Available data:
# # # # # # #

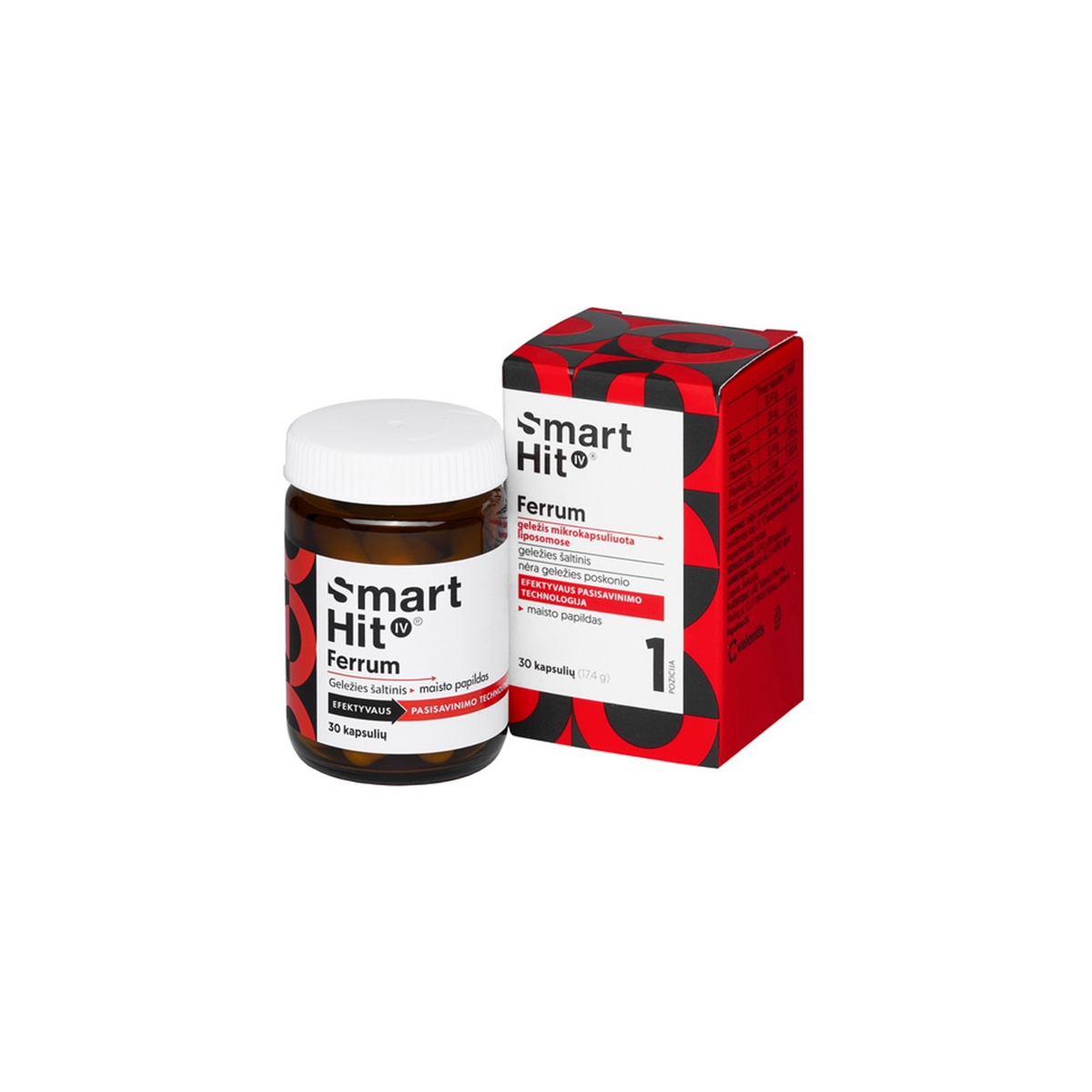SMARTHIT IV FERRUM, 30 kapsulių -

# # # # # # #

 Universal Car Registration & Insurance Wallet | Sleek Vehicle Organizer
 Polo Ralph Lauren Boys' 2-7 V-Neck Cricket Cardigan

# # # # # # #

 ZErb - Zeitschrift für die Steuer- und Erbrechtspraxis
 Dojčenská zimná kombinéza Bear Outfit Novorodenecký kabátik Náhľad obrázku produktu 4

# # # # # # #

Activity: Every line above from the line with "Universal Car Registration" to the line with "Polo Ralph Lauren" is wanted, ends included; write them out exactly and add no other line.

Exercise solution:
 Universal Car Registration & Insurance Wallet | Sleek Vehicle Organizer
 Polo Ralph Lauren Boys' 2-7 V-Neck Cricket Cardigan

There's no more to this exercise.